Bridgewater – Canal, Coal and Craft was our award-winning horticultural celebration of community pride in Salford's Bridgewater Canal. The first true canal in Britain.
Showcasing the pride of local communities in this historic waterway, the exhibit featured a 20 foot wooden boat handcrafted by local volunteers and a unique knitting installation #FLOATIEST made up of hundreds of squares produced by enthusiastic knitters and knitting groups. Local residents helped to install the structures and plant the garden which was named as Best Show Feature at RHS Flower Show Tatton 2017.
Designer Tim Denton created a unique space to showcase the work of local volunteers with a series of wooden arches that echo the structure of the underground mines from which coal would be brought to the surface at Worsley Delph and transported by boat along the canal to Manchester. Tim also designed Blooming Bridgewater, an ambitious wooden shed structure that people may remember from RHS Tatton 2016.

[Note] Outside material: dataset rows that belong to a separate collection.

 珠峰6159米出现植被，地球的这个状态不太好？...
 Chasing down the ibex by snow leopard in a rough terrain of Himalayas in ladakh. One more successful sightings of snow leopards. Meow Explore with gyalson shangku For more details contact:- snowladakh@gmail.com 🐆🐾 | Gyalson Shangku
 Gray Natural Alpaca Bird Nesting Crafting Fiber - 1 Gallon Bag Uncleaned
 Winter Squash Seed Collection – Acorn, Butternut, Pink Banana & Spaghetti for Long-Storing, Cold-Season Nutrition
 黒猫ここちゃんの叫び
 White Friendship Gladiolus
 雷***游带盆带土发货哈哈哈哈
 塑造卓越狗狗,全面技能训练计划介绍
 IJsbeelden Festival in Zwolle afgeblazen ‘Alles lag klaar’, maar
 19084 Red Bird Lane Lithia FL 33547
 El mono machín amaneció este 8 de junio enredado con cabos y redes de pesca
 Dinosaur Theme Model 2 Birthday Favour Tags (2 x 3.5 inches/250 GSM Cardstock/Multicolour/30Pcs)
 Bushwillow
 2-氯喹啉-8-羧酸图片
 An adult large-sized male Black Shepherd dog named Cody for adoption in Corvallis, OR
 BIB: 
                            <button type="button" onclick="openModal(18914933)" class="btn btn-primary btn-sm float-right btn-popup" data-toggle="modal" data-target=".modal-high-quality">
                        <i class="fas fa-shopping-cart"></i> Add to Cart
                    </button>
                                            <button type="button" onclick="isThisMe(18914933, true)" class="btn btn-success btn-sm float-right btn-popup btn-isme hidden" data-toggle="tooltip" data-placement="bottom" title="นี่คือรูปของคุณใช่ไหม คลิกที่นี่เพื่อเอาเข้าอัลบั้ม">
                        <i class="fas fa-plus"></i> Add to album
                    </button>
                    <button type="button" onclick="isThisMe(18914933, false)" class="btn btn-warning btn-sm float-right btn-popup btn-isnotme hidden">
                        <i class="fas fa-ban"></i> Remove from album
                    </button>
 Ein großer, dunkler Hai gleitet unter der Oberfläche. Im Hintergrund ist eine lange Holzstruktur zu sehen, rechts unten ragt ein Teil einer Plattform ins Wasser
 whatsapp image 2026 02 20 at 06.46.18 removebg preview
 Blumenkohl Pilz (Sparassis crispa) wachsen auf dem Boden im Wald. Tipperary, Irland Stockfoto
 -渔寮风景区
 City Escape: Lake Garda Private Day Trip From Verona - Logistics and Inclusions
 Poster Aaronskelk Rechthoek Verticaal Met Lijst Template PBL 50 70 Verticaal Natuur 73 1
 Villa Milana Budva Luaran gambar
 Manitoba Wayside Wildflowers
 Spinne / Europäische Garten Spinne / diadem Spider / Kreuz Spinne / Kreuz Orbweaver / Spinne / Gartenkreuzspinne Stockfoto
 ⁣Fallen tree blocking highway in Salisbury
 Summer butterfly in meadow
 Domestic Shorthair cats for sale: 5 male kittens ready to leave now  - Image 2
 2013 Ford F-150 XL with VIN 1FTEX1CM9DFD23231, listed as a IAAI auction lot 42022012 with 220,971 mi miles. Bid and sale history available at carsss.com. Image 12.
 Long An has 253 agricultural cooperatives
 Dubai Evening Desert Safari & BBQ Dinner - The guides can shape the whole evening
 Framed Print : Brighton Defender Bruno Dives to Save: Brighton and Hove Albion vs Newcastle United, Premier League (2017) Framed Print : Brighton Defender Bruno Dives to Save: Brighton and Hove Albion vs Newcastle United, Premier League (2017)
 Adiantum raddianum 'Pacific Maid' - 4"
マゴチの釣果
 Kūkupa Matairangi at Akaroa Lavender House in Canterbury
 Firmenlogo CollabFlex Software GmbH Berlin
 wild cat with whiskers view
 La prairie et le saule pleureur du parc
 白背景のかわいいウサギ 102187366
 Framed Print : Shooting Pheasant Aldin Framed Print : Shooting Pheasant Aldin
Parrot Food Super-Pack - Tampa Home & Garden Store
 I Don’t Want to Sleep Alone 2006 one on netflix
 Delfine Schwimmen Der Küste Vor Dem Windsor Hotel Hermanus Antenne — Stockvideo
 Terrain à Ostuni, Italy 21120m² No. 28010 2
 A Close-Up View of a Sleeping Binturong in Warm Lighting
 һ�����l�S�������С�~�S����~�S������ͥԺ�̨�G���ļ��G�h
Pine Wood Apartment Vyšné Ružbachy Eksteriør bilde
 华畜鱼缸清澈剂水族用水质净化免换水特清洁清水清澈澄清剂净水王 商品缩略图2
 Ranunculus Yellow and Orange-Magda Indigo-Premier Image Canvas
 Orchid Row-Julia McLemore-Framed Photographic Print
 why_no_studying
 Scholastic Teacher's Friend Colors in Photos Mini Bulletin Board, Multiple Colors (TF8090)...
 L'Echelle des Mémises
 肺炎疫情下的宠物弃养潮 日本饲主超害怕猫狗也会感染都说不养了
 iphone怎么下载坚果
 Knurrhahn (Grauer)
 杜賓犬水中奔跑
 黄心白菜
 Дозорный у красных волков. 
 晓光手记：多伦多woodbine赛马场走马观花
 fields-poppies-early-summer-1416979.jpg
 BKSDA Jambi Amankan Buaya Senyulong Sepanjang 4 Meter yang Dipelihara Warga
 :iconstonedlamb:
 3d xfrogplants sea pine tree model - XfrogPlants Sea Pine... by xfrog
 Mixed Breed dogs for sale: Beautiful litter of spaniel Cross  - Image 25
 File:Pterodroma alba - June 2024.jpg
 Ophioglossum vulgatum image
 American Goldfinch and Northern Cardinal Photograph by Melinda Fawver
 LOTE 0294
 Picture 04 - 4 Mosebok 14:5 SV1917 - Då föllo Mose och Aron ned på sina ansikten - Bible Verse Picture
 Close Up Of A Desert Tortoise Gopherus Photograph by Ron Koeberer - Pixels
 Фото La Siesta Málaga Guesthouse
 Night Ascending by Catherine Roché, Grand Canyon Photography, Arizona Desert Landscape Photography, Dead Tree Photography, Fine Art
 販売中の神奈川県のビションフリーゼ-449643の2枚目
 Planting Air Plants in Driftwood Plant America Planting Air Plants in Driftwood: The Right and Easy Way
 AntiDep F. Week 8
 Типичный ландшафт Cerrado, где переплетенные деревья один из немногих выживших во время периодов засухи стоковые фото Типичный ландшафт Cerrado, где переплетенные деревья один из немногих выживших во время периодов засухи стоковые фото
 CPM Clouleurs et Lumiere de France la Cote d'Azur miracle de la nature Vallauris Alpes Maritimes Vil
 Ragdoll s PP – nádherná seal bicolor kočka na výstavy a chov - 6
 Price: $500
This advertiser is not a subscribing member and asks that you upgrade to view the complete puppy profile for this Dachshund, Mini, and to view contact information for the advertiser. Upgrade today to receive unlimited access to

The wooden boat was inspired by the starvationer boats that were used to mine coal in the flooded underground mines of Worsley. The boats became known as starvationers due to their exposed ribs.
The planting was designed RHS Young Designer of the Year 2016 and Chelsea Gold Medal winning garden designer Caitlin McLaughlin from Thrift Landscapes. It is inspired by the canal’s unique and famous colour – an orangey brown - due to the iron oxide in the water.
As well as crafting the boat and creating the knitted structure, local volunteers helped to construct the show exhibit and plant up the space.
Bridgewater volunteers play a huge part in helping to make the canal in Salford a better place having given over 11,000 hours of their time to date, including planting trees, creating flower meadows, developing a community orchard, improving paths and building benches.